TREN.BISNISMARKET.COM - Bank Tabungan Negara (BTN) sebagai salah satu bank milik negara yang memiliki fokus utama pada sektor pembiayaan perumahan, terus menggalakkan upaya pemerataan akses kepemilikan rumah bagi masyarakat Indonesia. Langkah ini sejalan dengan mandat pemerintah untuk memastikan ketersediaan hunian yang layak bagi berbagai lapisan ekonomi.

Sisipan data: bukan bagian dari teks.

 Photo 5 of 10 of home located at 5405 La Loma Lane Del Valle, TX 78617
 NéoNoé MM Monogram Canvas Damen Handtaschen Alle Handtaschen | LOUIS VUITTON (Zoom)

Secara spesifik, upaya penyaluran kredit pemilikan rumah (KPR) oleh BTN telah menyasar kelompok masyarakat yang berada pada kategori desil ekonomi menengah ke bawah. Program ini dirancang untuk membuka peluang bagi mereka yang selama ini mungkin kesulitan mengakses pembiayaan properti melalui skema konvensional.

Fokus utama penyaluran KPR tersebut ditujukan kepada masyarakat yang teridentifikasi dalam kelompok desil 3 hingga desil 8. Penargetan ini menunjukkan strategi bank dalam mendistribusikan subsidi dan kemudahan pembiayaan secara lebih merata di lapisan masyarakat.

Hingga saat ini, BTN telah berhasil menyalurkan fasilitas KPR kepada masyarakat yang masuk dalam kategori desil 3. Jumlah unit rumah yang telah terfasilitasi oleh bank plat merah ini mencapai angka fantastis, yakni sebanyak 6 juta unit.

Penyaluran KPR sebanyak 6 juta unit untuk segmen desil 3 tersebut merupakan bukti nyata komitmen BTN dalam menjalankan fungsi sosial dan bisnisnya secara bersamaan. Angka ini mencerminkan keberhasilan implementasi kebijakan pemerintah di sektor perumahan.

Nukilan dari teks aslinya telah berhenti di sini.